Met het oog op het herstel van de gewonden en de verwachte spoedige terugkeer van hun kameraden uit Massowa, zoekt Dom Cristóvão de strijd voorlopig niet op. Maar omdat Imam Ahmads leger dagelijks groeit met manschappen uit afgelegen streken, besluit hij op zondag na Pasen (16 april) de strijd hervatten. Als het Portugese carré, met de noncombattanten weer in het midden, op de vijand afgaat, wordt het aangevallen door 500 ruiters, onder kapitein Garâd Amar. De vijandelijke cavalerie weet bijna door de Portugese gelederen heen te breken, als plotseling een voorraad kruit ontploft. Twee Portugezen worden gedood en acht zwaar gewond, maar de paarden van de aanvallende moren slaan van de schrik op hol. Vervolgens vallen de Turkse schutters aan, maar zij worden teruggedreven. De nog steeds gewonde Imam Ahmad wordt, liggend op een bed en beschermd door ruiters, over het slagveld gedragen, hetgeen zijn mannen minder inspireert dan een te paard strijdende aanvoerder. De Portugezen weten de strijd in hun voordeel te beslechten en de vijand in grote wanorde op de vlucht te drijven. Castanhoso schrijft dat als de Portugezen honderd paarden zouden hebben gehad, hun zege volledig zou zijn geweest. De Portugezen, die veertien doden en meer dan zestig gewonden te betreuren hebben, nemen het kamp van de vijand in en verzamelen daar een grote buit. Dom Cristóvão laat veertien zwaar gewonden soldaten, gelegen in een bed, vervoeren naar een heuveltop, waar de gouverneur van Tigré, Robel, en zijn vrouw hen gastvrij ontvangen en uitstekend verzorgen. Desondanks sterven vier of vijf gewonden alsnog. Zij die na een maand zijn hersteld, keren naar Dom Cristóvão terug. Een of twee dagen na de tweede slag keren Francisco Velho en zijn veertig mannen terug uit Massowa, waar zij geen Portugese fusta hebben aangetroffen, omdat de toegang tot de haven verspert werd door Turkse galeien. Als zij van de overwinningen op Imam Ahmad vernemen, betreuren zij dat zij daaraan niet hebben kunnen deelnemen. Met Francisco Velho en de zijnen arriveert baharnagash Isaac, met 30 of 40 ruiters.

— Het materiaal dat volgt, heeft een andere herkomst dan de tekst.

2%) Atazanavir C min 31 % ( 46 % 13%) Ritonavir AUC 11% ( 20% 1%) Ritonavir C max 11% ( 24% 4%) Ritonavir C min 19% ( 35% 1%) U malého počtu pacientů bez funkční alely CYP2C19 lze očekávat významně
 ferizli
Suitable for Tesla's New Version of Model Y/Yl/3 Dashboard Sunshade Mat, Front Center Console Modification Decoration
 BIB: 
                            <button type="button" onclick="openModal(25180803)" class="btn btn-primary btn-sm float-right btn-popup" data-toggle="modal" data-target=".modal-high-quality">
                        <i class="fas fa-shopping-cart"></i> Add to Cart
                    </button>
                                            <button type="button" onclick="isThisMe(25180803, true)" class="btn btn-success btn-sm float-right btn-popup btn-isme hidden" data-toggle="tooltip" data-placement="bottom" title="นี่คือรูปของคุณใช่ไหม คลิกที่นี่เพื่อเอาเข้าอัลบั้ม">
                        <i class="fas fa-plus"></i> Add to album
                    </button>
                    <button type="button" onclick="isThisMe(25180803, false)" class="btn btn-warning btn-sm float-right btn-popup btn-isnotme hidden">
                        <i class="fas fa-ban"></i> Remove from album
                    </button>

Imam Ahmad heeft uit het verlies van de veldslagen van 4 en 16 april 1542 de conclusie getrokken dat 200 Tukse schutters, die hij in vaste dienst heeft, onvoldoende zijn als zij tegenover een goed gedisciplineerde Europese troepenmacht komen te staan. Een terugkeer naar zijn oude basis aan het Meer van Tzâna, zou hem afsnijden van de aanvoer van noodzakelijke versterkingen. Als hij naar Zabul gaat, heeft hij de controle over de communicatielijn met Zebid, aan de oostoever van de Rode Zee, waar het grootste Turkse garnizoen ligt. De Europeanen kunnen de aanvoerlijn van Zebid naar Zabul niet bedreigen; daarvoor zijn zij met te weinig manschappen en is het klimaat tussen Zabul en de Rode Zee, waarover de heerschappij van de Portugezen is overgegaan op de Turken, hen te vijandig.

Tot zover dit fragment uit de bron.